Thoughts on UpFront Conference 2015

Recently all front-end ‘Coders’ attended the inaugural UpFront Conference in Manchester. Organised by McrFRED and Speak the Web, the event is pitched as a front-end conference for anyone who makes for the web.

With a speaker line-up including Brad Frost, Anna Debenham, Ben Foxall and many other worthy names, it ran with the idea that the web is fun and a powerful platform whilst also addressing how designers and developers can improve the way they work together to ensure a higher quality end product.

Below are some thoughts from a few of the Code attendees and insights into what they took away from the day.

“The first speaker (and my most anticipated of the day) was Brad Frost. Brad is one of the pioneers of ‘atomic design’, where component-driven development has five distinct levels: atoms, molecules, organisms, templates, and pages (atoms make molecules that make organisms and so on).

Brad showed examples of an atom being a single input. A molecule may be this single input paired with a label and button to create a site search component. Putting this into the context of a site header — beside the logo and navigation — forms an organism. This would itself be part of a template, i.e. a complete page without the final copy, while a final page is all of this plus all the content: images, texts and full copy. You can read more about the principles of atomic design on Brad’s blog.

I noticed that web performance seemed a particularly hot topic at this year’s event: Dean Hume and Yesenia Perez-Cruz both did talks where this issue was front and centre, and plenty of other talks mentioned performance as considerations. As a community, we can sometimes be preoccupied with bringing in new technologies, trying to bridge the gap between web and native applications with newer and more abstract APIs or bringing new methods of making a site look and feel modern. But it’s important to remember that doing this can sometimes have a negative effect on performance.

Dean Hume’s ‘Faster Mobile Websites’ talk covered techniques for optimisation to help eek out every byte of performance, while Yesenia Perez-Cruz’s ‘Design Decisions Through the Lens of Performance’ approached the issue from a design perspective. She introduced the concept of a ‘performance budget’, a number set for a project that it shouldn’t go over (such as a 600 kilobytes) which then becomes a pillar for future discussions of additions. For example, if a new set of images were to be brought in which would push the project over its performance budget, how much work could be done and how long would it take to optimise other aspects of a project to bring the budget ‘in the black’ or could the proposed addition be approached in a different way to reduce the performance impact?”


“Ben Foxall’s ‘The Internet of Browsers’ talk was one of the most interactive presentation of the day, and also the one that really got me thinking.

Ben noted that most of us underuse the web immensely, and then offered a glimpse of what is potentially possible if we’re brave enough to really push the boundaries.

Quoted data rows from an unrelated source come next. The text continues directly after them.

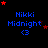 Blue text 'Nikki Midnight' with a blue heart symbol below, surrounded by red and brown stars on black background.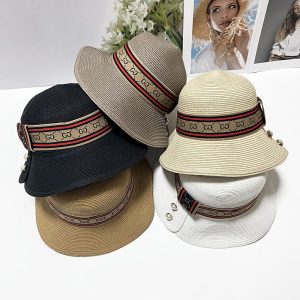Gucci Replica Hats Material: Straw Style: Lady Style: Lady Pattern: Letter Hat Style: Flat Top Brands: Gucci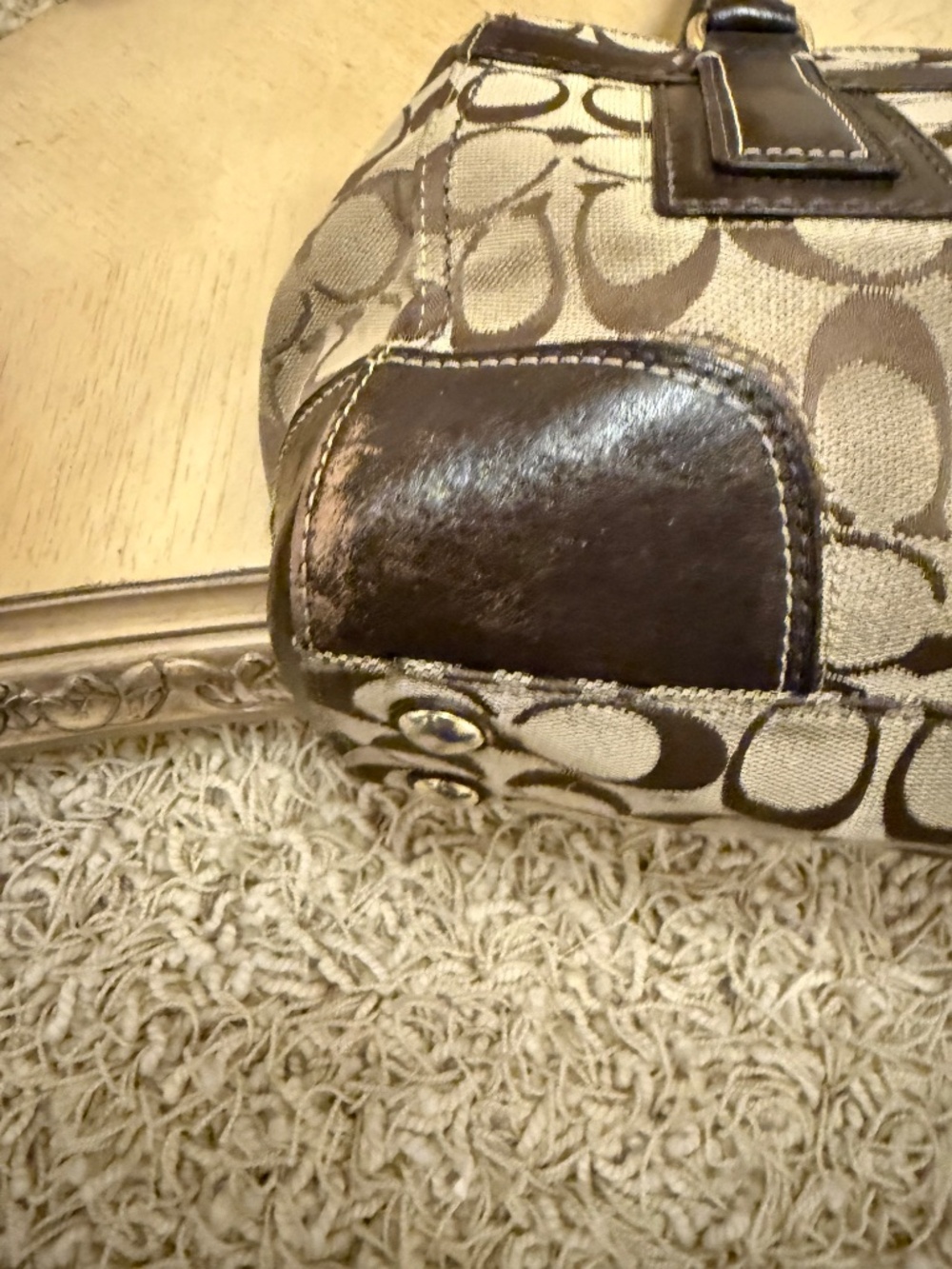 Coach Hampton Signature C Tan/Brown Canvas Carryall Satchel 11062 Y2K - Picture 14 of 16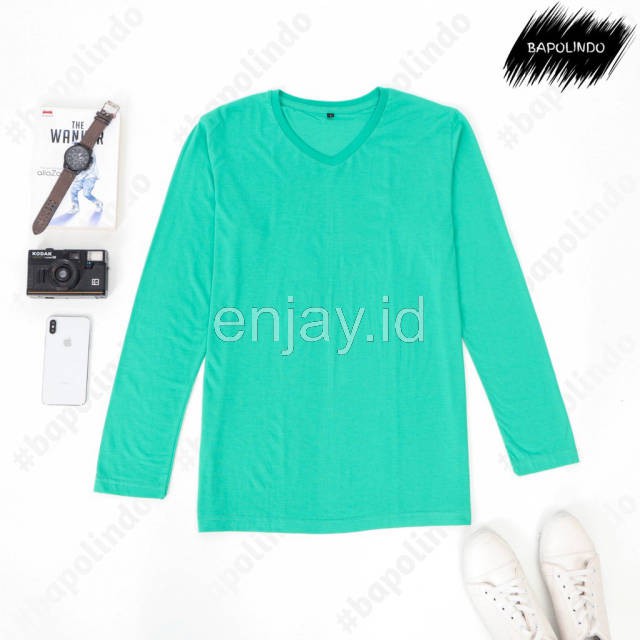 enjay.id - PREMIUM Kaos warna Tosca Muda oblong ANTI BAKTERI Leher V neck lengan panjang Original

The demo started with everybody in the room being asked to pull out their phones and navigate to a specific webpage. After plotting each one of our positions using the distance between the host (an iPad) and us he showed us an on-screen map of the room, and prompted us to press buttons on our phones to make certain things happen on the screen.

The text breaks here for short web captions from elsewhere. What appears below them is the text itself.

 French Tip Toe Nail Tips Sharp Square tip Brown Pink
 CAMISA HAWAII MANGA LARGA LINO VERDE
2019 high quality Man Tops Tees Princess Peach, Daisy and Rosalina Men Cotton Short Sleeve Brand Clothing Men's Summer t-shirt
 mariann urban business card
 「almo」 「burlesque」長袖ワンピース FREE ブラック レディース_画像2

After this was a really impressive audio demonstration in which he sent a sound around the room, playing on each device as it passed — it literally was 300:1 surround sound!

Yesenia Perez-Cruz’s talk really caught my attention too, particularly the comment: “Designers should be the first people to care about performance.” She made the point that designers that work with the developer from the beginning and understand that performance impacts and influences the effectiveness of their designs will have an easier time actually getting their designs built.”


“I really enjoyed Dean Hume’s talk, and his tips on tools that you can use to accommodate responsive images were really useful. Using things such as the source media attribute allows developers to set different sizes images for different screen sizes; as an example, you could set an image to be only used below 400px. There are also various gulp tasks that he recommended such as ‘gulp-responsive-images’, which automates this process.

There were a few other points that he made such as keeping file sizes small and only loading in what is needed. Google Chrome has very good auditing tools which allow you to see various stats about a website; for example, you can see how much CSS is being used on the page. This makes it easier to improve page load times and ensure that a site runs at 60 frames per second, which is the most optimal FPS.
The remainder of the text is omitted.